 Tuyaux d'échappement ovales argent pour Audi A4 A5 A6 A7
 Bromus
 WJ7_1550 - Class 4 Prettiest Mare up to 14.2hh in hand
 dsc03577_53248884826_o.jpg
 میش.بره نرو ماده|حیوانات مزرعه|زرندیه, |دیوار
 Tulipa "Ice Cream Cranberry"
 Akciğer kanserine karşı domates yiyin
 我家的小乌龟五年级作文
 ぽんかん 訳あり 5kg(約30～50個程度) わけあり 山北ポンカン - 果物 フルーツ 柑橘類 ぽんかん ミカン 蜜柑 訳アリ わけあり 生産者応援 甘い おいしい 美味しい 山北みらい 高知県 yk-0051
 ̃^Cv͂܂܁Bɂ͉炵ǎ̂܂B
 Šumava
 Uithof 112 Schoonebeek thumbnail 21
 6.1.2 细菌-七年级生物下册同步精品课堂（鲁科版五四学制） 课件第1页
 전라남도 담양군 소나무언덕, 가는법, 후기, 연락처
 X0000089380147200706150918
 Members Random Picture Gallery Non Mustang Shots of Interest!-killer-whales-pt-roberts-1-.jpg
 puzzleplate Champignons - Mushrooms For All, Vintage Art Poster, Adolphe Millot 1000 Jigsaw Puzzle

______________________________

Only the lines from the beginning of the data above through the line containing "我家的小乌龟五年级作文" should be repeated, exactly as they appear.

 Tuyaux d'échappement ovales argent pour Audi A4 A5 A6 A7
 Bromus
 WJ7_1550 - Class 4 Prettiest Mare up to 14.2hh in hand
 dsc03577_53248884826_o.jpg
 میش.بره نرو ماده|حیوانات مزرعه|زرندیه, |دیوار
 Tulipa "Ice Cream Cranberry"
 Akciğer kanserine karşı domates yiyin
 我家的小乌龟五年级作文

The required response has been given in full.